Exercise data Start Marker

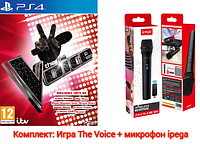 Sony Комплект: Игра The Voice для PlayStation 4 + микрофон ipega / Голос ПС4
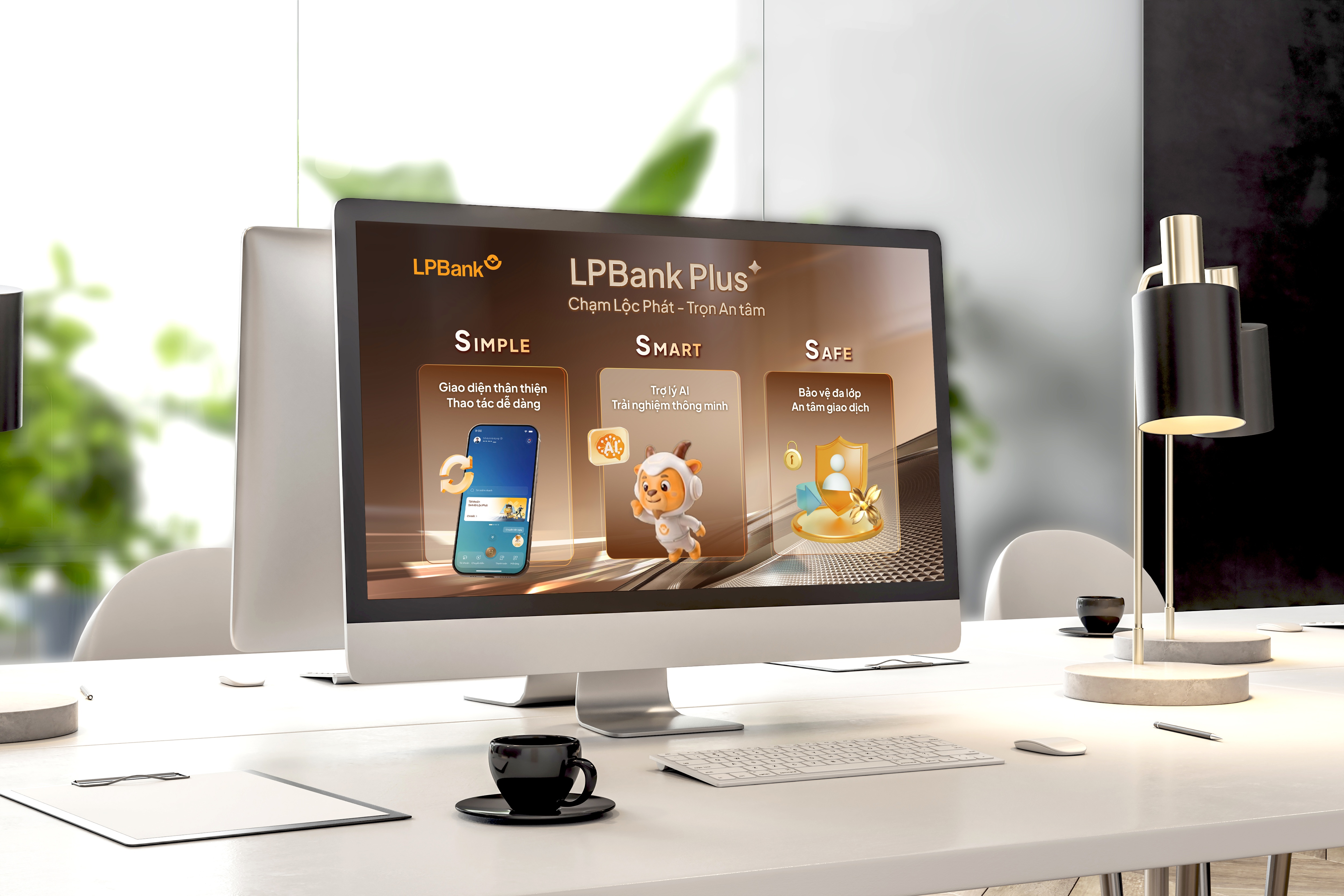 LPBank Plus - Ứng dụng ngân hàng số thế hệ mới, tích hợp trợ lý AI chuyển tiền bằng hội thoại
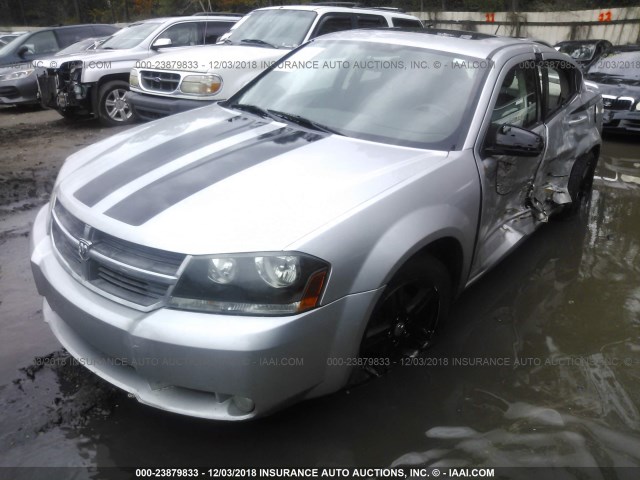 1B3CC5FB5AN224302 - 2010 DODGE AVENGER R/T SILVER photo 2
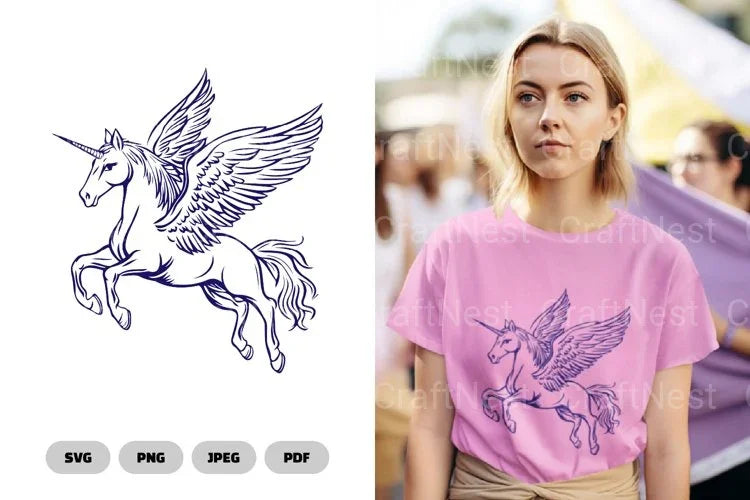 Pegasus and Mythical Creature Clipart Bundle - CraftNest - Digital Crafting and Art
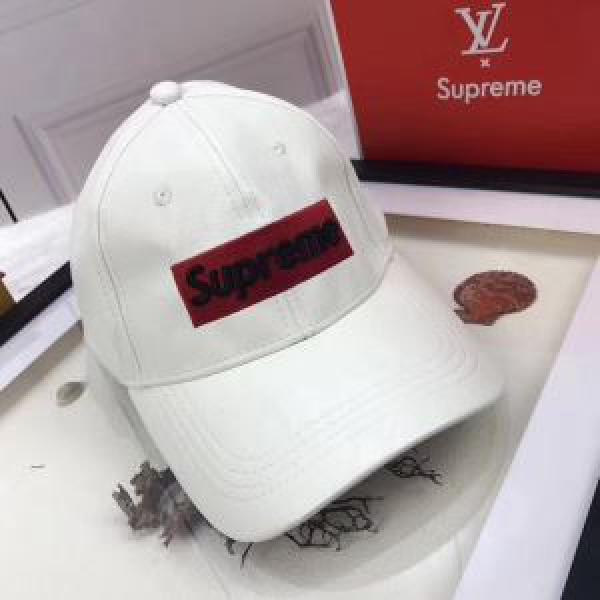  SupremeX LOUIS VUITTON 爆買い2017 キャップ 2色可選 魅力ファッション_帽子 マフラー セット_メンズファッション_スーパーコピーブランド激安通販 専門店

Exercise data End Marker

### Exercise instructions
Please write out all of the material above without changing a word, and omit any pictures.

### Solution for this task
 Sony Комплект: Игра The Voice для PlayStation 4 + микрофон ipega / Голос ПС4
 LPBank Plus - Ứng dụng ngân hàng số thế hệ mới, tích hợp trợ lý AI chuyển tiền bằng hội thoại
 1B3CC5FB5AN224302 - 2010 DODGE AVENGER R/T SILVER photo 2
 Pegasus and Mythical Creature Clipart Bundle - CraftNest - Digital Crafting and Art
  SupremeX LOUIS VUITTON 爆買い2017 キャップ 2色可選 魅力ファッション_帽子 マフラー セット_メンズファッション_スーパーコピーブランド激安通販 専門店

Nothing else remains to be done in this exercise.